## SUPPLIED MATERIAL
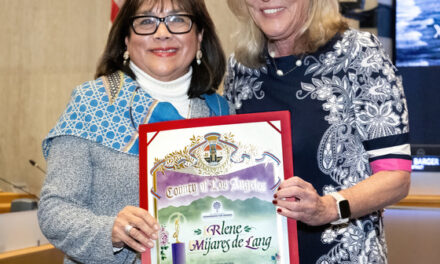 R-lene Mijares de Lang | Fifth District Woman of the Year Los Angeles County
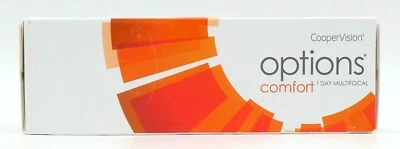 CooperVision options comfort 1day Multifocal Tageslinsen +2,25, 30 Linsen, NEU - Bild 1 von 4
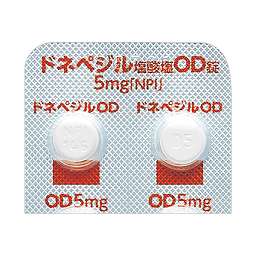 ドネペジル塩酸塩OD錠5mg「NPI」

## PROBLEM
The lines from the one containing "CooperVision options comfort" through the last line of the data above are to be transcribed exactly, both included, with all pictures left out.

## WRITTEN REPLY
 CooperVision options comfort 1day Multifocal Tageslinsen +2,25, 30 Linsen, NEU - Bild 1 von 4
 ドネペジル塩酸塩OD錠5mg「NPI」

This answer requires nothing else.